You recently did a call in show about how to save your marriage and I felt you had some really good insight and advice. To piggyback off that episode - I have a situation that is similar to the caller from that show (if things had deteriorated further.) My wife told me today that in her eyes the marriage is over and she's done. I want to get your input on if my marriage can be saved, and potential ways to do that.
We had our son in 2014- and then suffered back to back miscarriages before having our daughter in 2017. (More on this in a bit as well) The reason she states our relationship is over is based on what she says has been years of not being heard- and my self-admitted anger issues, along with a lack of support from the outside.
I think we had very similar arguments to any married couple. I don't handle confrontation very well- and would often pull back until I felt I could properly address and respond to a conflict- she wanted it wrapped up immediately. This would often lead to me retreating and her pursuing until I would lash out and say something hurtful. She would then stay awake upset- while I would go to bed. We don't fight often- but those blowouts poison you after a period of time.
These arguments would often start over something trivial and then build into the fate of our relationship. I am not rationalizing my way out of my hurtful outbursts- but I often felt unprepared to deal with mountainous issues on the fly- and consciously or subconsciously felt like if I could show her how angry the pursuit was- that maybe she would back off or see my point of view.

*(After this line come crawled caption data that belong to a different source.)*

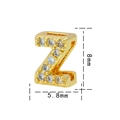 Ciondolo lettera Z placcato oro 18K con zirconi bianchi lucidi misura 8x5,8 mm - Lettera Z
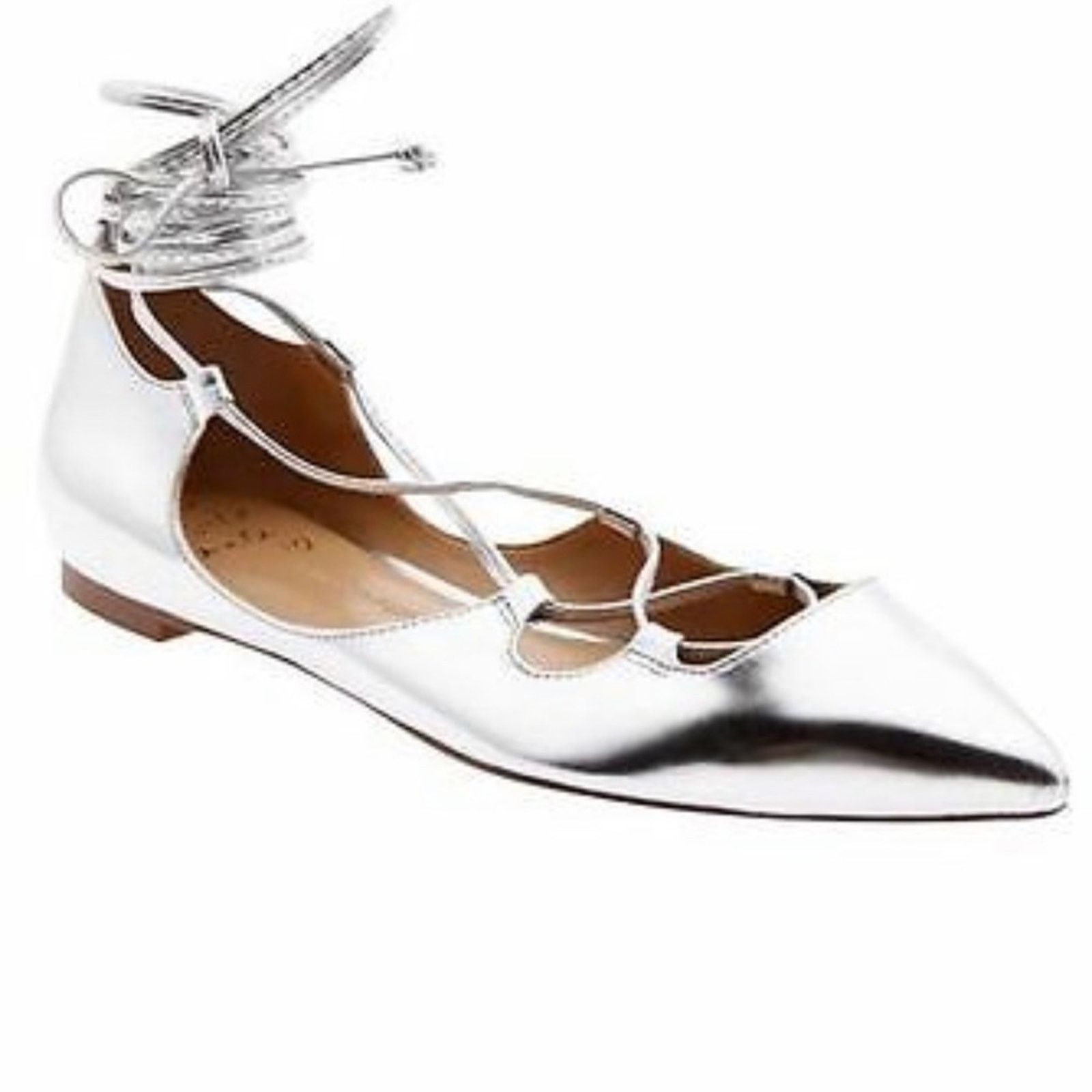 Banana Republic Banana Republic Allie Chrome Silver Lace-Up Flats Size 7 Size US 7 / IT 37 - 1 Thumbnail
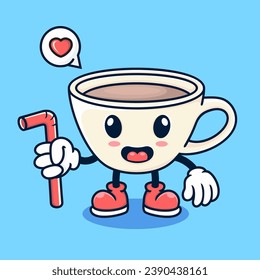 cartoon cute chocolate cup holding a straw, fun and kawaii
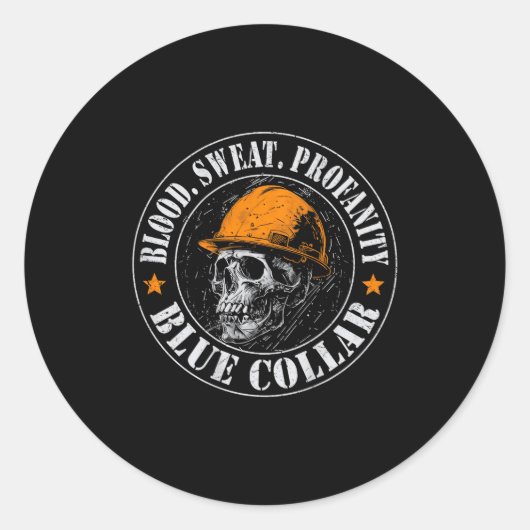 Sticker Rond Blood Sweat Profanity Construction Worker Skull Bl (Devant)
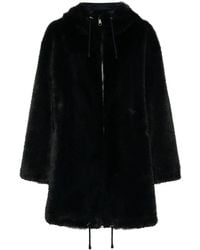 P.A.R.O.S.H. - Dark Faux-Fur Design Pathos Coat - Lyst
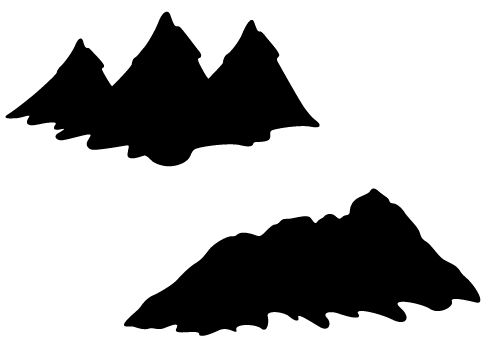500x350 Mountain Silhouette Vector With Hills And Valleys Free Download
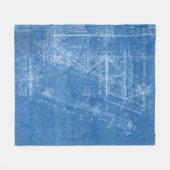Blaumuster-Struktur-Architektur Gebäude bl Fleecedecke (Vorderseite (Horizontal))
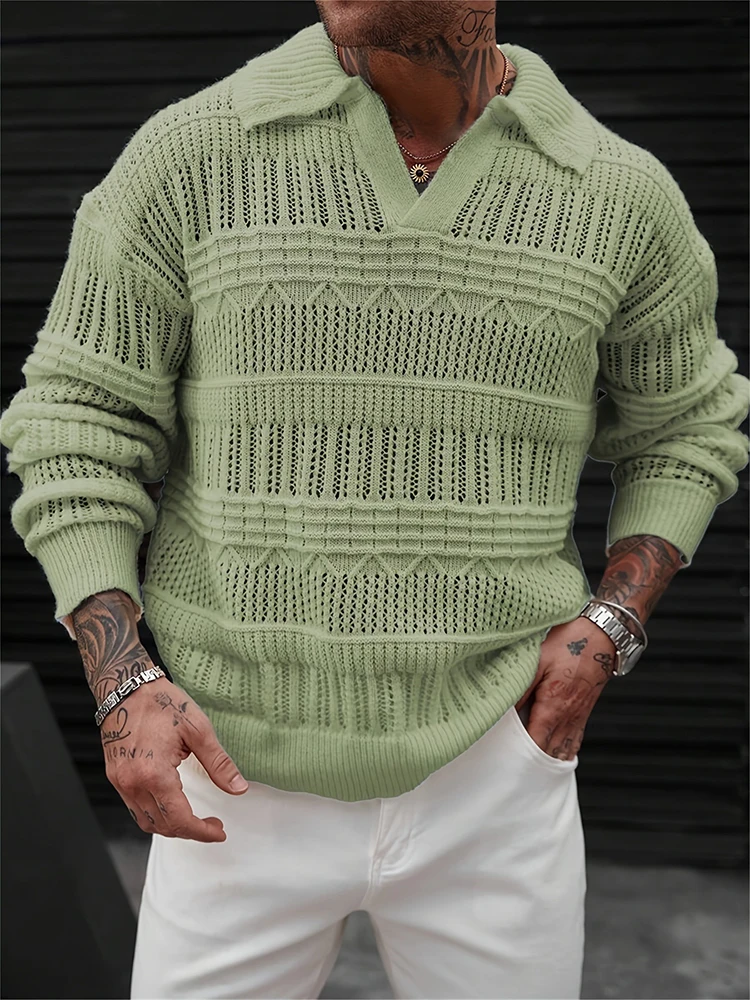 Vintage Crochet Texture Knit Sweaters For Men Autumn Streetwear Fashion Hollow Out Sweater Outdoor Casual Mens Knitting Jumpers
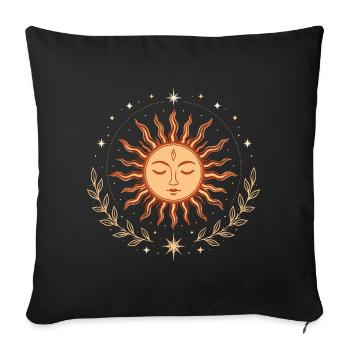 Mittsommer Sonne – Spirituelles Symbol für Sommer - Sofakissenbezug 45 x 45 cm - Schwarz - Vorne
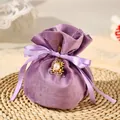 Elegant purple velvet drawstring gift pouch for wedding favors with pearl charm - With Double Happiness Pendant And Pearl / Purple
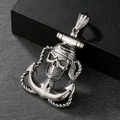 Silberner Totenkopf-Piratenanker-Anhänger aus Edelstahl im gotischen Punk-Stil - Kopftuch Totenkopf Anker (KP79436-BD)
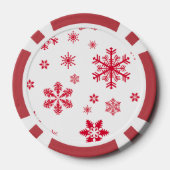 Sneeuwvlokpatroon, Rode sneeuwvlokken, Sneeuw, Wit Poker Chips (Achterkant)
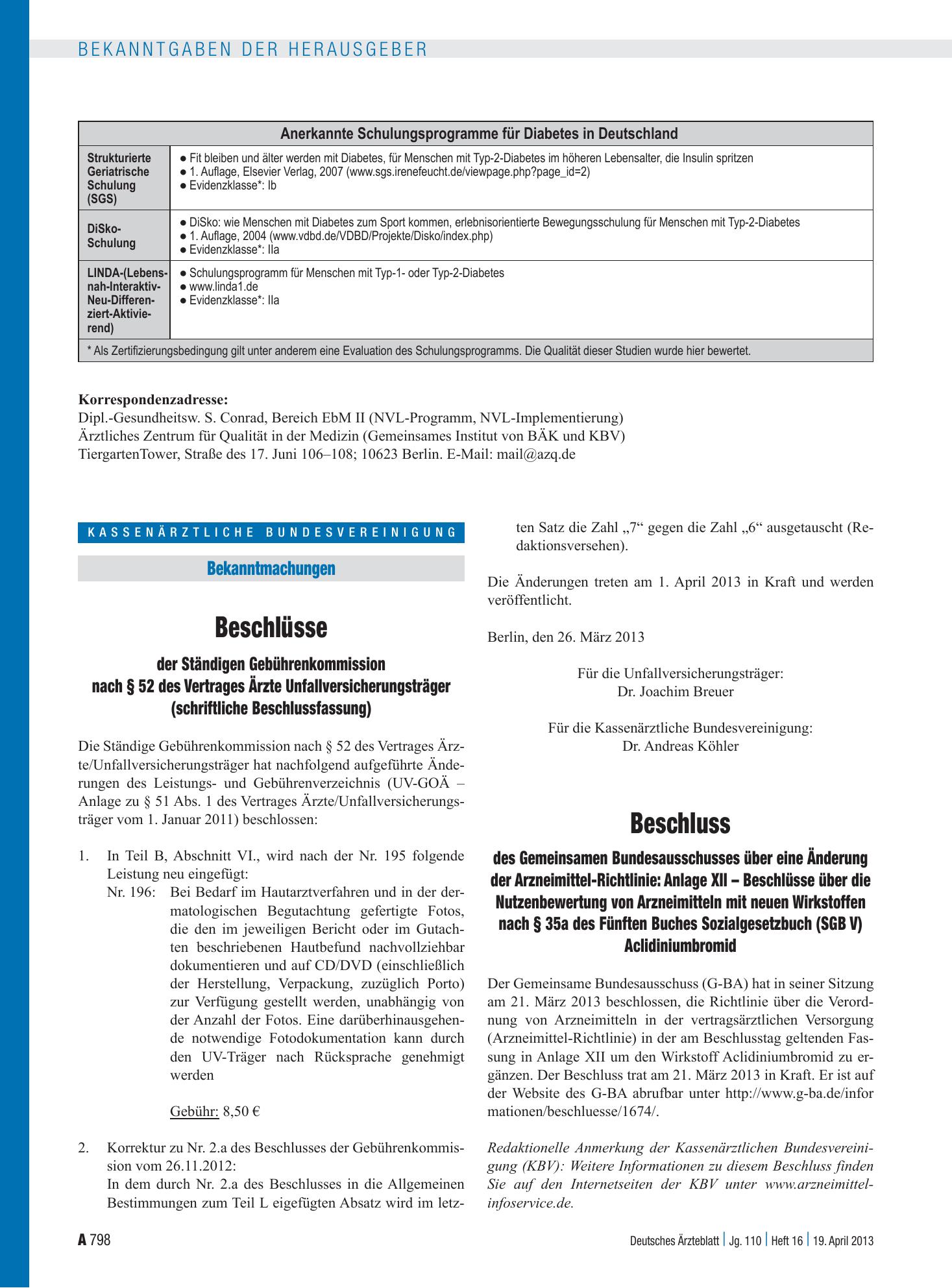 Vorschauseite 1: Beschlüsse der Ständigen Gebührenkommission nach § 52 des Vertrages Ärzte Unfallversicherungsträger (schriftliche Beschlussfassung) – Deutsches Ärzteblatt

That tactic never served me well and never worked.
I admit to saying things, swearing, sometimes throwing things in fits of anger and frustration. I am ashamed of those occurrences and would take them back if I could. It's nothing your spouse should ever do. In her mind- the damage has been done for too long. She pushed me to seek counseling etc- and I didn't. This in her mind, is seeing me as not caring about our relationship- when I don't think that's accurate. We have been a happy couple/family. I believe we have had more good than bad. Things start going well- and you stop worrying about the old arguments etc. I am recognizing this was a mistake.
To provide further background- my wife is a stay at home mother and home schools our children. This was incredibly important to both of us- and I would call myself incredibly lucky for being able to provide this lifestyle to her. We cut corners and made sacrifices to make it work...and it did for a time.
About a year ago my wife got involved with some independent media and political pursuits with people around the internet. It was a beacon for her and made her happy in ways I hadn't seen in a long time. It gave her an identity that she said she had been lacking for so long. I did, and do support her in these pursuits - but also have felt frustration that at this point it's taken over center stage in her attention. She's on her phone almost all the time I see her. I have literally felt like I was missing her in my own home. It made working on our relationship pretty difficult. I felt like I was providing for her- and stepping up more and more with the kids to give her time and space- and her appreciation for me seemed to tank with it.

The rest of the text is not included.